**The problem**
The data below holds a line containing "Tropical Paradise: Dark" and a line containing "GARTENKLAPPSTUHL 2er Set"; please quote exactly those two lines and every line between them, and nothing else.

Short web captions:
——————————

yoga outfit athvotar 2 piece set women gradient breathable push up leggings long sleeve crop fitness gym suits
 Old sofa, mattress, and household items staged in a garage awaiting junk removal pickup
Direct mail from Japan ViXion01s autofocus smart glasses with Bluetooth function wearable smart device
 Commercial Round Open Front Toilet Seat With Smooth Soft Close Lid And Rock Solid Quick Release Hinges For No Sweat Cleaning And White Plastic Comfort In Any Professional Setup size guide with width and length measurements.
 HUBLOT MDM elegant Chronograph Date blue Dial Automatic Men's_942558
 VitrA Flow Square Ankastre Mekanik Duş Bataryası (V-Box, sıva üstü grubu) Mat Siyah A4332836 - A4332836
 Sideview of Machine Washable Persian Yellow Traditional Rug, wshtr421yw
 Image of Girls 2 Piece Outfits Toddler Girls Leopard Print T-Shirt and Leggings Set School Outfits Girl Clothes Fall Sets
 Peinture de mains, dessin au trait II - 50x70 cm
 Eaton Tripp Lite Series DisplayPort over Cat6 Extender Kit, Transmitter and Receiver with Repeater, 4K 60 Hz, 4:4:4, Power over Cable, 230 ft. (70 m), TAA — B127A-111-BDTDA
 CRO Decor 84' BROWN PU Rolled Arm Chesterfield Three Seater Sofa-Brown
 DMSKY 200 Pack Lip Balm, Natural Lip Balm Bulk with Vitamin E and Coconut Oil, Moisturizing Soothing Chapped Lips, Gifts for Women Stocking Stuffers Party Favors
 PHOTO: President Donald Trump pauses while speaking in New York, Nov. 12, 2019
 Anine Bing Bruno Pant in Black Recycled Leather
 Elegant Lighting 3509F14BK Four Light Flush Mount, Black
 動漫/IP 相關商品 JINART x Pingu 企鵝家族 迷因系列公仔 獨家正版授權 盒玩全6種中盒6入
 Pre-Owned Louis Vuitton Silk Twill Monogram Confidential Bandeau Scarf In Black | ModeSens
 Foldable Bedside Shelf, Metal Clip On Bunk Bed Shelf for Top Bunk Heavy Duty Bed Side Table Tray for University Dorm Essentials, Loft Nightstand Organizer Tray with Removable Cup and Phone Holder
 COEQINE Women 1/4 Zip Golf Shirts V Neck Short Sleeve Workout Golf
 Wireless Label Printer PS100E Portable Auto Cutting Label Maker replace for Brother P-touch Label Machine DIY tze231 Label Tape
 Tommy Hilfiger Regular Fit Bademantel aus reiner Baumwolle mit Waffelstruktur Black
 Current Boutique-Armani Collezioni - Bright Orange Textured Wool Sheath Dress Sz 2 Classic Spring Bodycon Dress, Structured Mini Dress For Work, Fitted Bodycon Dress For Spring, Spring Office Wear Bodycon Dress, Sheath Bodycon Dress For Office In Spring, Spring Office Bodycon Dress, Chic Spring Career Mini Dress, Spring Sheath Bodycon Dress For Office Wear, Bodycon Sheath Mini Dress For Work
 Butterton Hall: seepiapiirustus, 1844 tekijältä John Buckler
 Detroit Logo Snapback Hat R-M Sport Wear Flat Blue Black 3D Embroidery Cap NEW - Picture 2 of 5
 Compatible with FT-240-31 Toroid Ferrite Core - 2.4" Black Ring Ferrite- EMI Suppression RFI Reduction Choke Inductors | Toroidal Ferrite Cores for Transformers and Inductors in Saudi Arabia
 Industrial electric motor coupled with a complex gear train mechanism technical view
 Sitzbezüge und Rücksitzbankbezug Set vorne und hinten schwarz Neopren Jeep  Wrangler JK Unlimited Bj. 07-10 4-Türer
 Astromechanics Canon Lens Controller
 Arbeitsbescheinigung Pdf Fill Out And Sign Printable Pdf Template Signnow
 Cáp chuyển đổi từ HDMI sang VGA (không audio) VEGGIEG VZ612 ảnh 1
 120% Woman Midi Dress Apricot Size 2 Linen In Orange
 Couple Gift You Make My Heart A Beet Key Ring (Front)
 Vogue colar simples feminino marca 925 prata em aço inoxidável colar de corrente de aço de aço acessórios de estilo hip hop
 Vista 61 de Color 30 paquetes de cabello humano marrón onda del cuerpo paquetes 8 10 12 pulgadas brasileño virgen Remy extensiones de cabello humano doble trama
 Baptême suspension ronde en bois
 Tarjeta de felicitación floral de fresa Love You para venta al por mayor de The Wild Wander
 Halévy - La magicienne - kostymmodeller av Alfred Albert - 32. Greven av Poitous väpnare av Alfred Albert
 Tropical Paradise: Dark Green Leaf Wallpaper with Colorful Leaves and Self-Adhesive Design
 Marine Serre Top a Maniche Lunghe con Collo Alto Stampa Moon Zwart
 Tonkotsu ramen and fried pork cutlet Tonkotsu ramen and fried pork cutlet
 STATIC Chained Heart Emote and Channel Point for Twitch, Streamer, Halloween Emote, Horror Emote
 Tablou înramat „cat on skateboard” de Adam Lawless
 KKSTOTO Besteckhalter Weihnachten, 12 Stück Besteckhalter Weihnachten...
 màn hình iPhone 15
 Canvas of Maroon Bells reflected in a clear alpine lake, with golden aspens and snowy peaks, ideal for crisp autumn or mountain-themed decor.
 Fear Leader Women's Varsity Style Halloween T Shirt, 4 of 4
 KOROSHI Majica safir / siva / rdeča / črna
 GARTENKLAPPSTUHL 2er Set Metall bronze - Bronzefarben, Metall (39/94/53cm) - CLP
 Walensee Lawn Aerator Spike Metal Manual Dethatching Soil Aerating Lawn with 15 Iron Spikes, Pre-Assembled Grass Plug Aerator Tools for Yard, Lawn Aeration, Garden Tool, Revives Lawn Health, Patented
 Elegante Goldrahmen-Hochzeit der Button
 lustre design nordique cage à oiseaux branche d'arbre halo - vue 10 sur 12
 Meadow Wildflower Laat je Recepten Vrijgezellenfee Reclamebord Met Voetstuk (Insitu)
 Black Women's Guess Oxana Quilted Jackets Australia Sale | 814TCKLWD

——————————

**Completed task**
 Tropical Paradise: Dark Green Leaf Wallpaper with Colorful Leaves and Self-Adhesive Design
 Marine Serre Top a Maniche Lunghe con Collo Alto Stampa Moon Zwart
 Tonkotsu ramen and fried pork cutlet Tonkotsu ramen and fried pork cutlet
 STATIC Chained Heart Emote and Channel Point for Twitch, Streamer, Halloween Emote, Horror Emote
 Tablou înramat „cat on skateboard” de Adam Lawless
 KKSTOTO Besteckhalter Weihnachten, 12 Stück Besteckhalter Weihnachten...
 màn hình iPhone 15
 Canvas of Maroon Bells reflected in a clear alpine lake, with golden aspens and snowy peaks, ideal for crisp autumn or mountain-themed decor.
 Fear Leader Women's Varsity Style Halloween T Shirt, 4 of 4
 KOROSHI Majica safir / siva / rdeča / črna
 GARTENKLAPPSTUHL 2er Set Metall bronze - Bronzefarben, Metall (39/94/53cm) - CLP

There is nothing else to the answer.